3. The clinical dataset includes 16 features (including 'id') related to vital parameters and patient-
reported symptoms collected from individuals who underwent COVID-19 testing . The target variable is 'level', that depicts the severity of the disease ranging from 1 to 6. You are required to perfom the following tasks on the clinical dataset.
a) You are required to extract a subset that includes the 'defined features' and the 'target variable' (in the subset, there will be 10 features in total including target variable). You are required to extract the 'defined_features' that are as indicated below:
defined_features = ['headache', 'lossOfSmell', 'musclePain', 'cough', 'soreThroat', 'fever', 'diarrhea', 'fatigue', 'shortnessOfBreath'] (5/35)
b) Perform exploratory data analysis on the clinical dataset, highlight the features that are statistically important and highly related to the 'target variable', and visualise them
legibly using an appropriate visual method. Save the statistically important features as a subset 'selected_features' and compare them with the 'defined_features'. Highlight any differences and report your findings. (10/35)
c) Design and implement a solution to perform data analysis on the clinical dataset to
identify the complex probabilistic relationship between 'defined features' or
'selected_features' and the 'target variable' and validate the prediction of the severity stage and its determinants. Justify the design choice and showcase the findings using an appropriate visualisation tool. [NOTE: You can opt for either 'defined features' or
'selected_features' to answer this sub-task] (20/35)
[Explain your design and highlight any features in this question's report part of your Jupyter Notebook in no more than 400 words. (35%)]
Word Limit policy
Examiners will stop reading once the word limit has been reached, and work beyond this point will not be assessed. Checks of word counts may be carried out on submitted work. Checks may take place manually and/or with the aid of the word count provided via electronic submission.

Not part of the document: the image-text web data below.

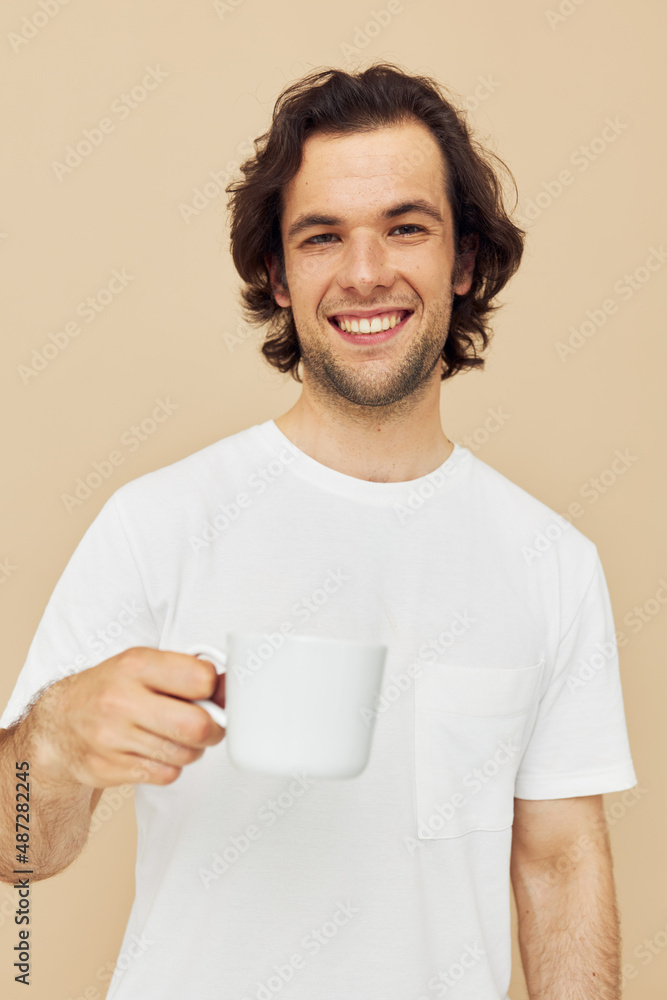 Attractive man with a white mug in his hands emotions posing beige background Attractive man with a white mug in his hands emotions posing beige background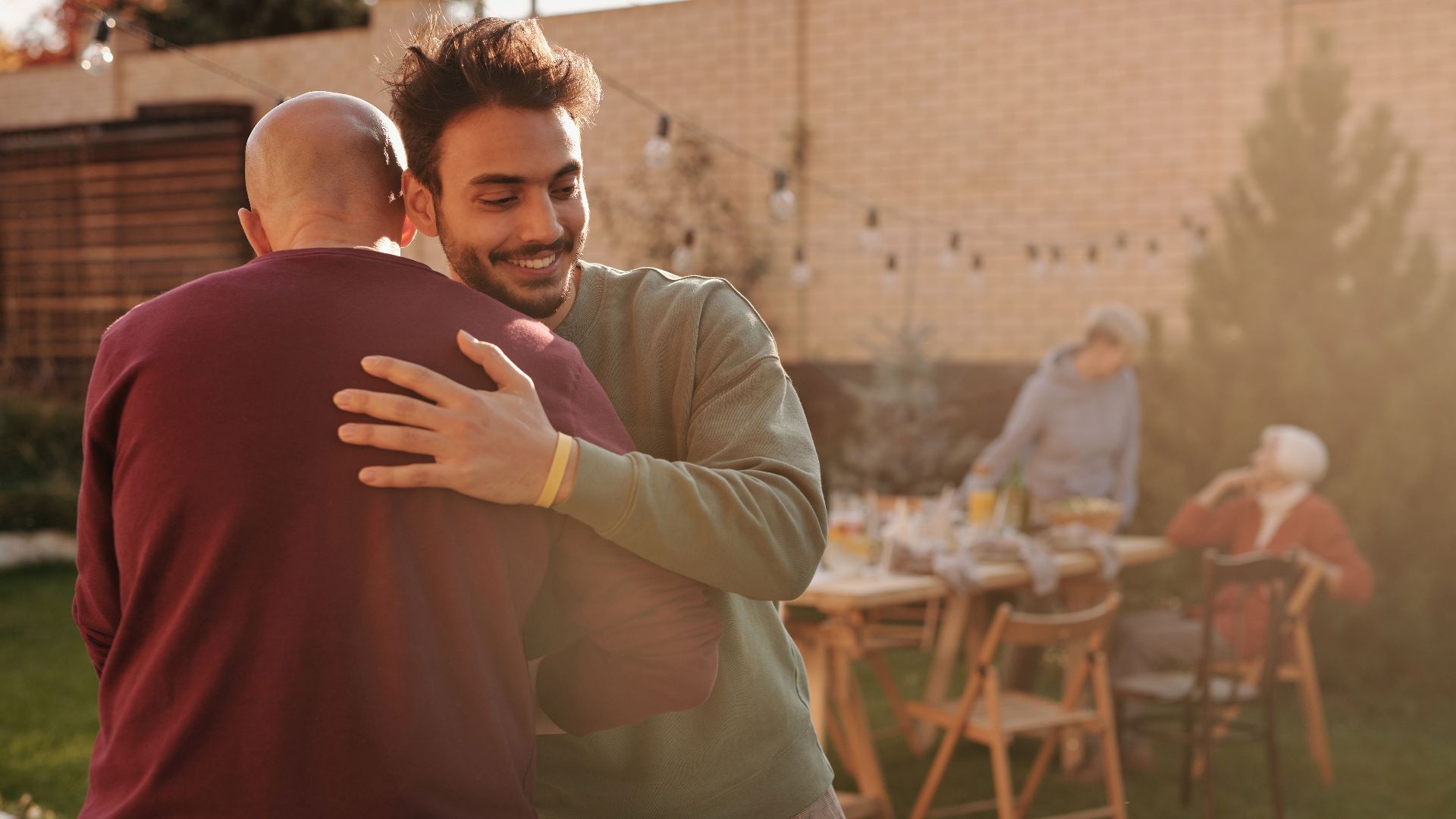 Two men hugging at a lively outdoor gathering with family and friends.
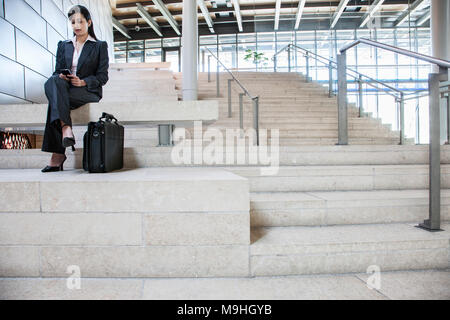 Hispanic businesswoman sitting on stairs dans le hall d'un grand immeuble de bureaux. Banque D'Images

The word count (total 1000 words), as mentioned in individual questions, will:
• Exclude diagrams, tables (including tables/lists of contents and figures), equations, executive summary/abstract, acknowledgements, declaration, bibliography/list of references, and
appendices. However, it is not appropriate to use diagrams or tables merely as a way of circumventing the word limit. If a student uses a table or figure as a means of presenting his/her own words, then this is included in the word count.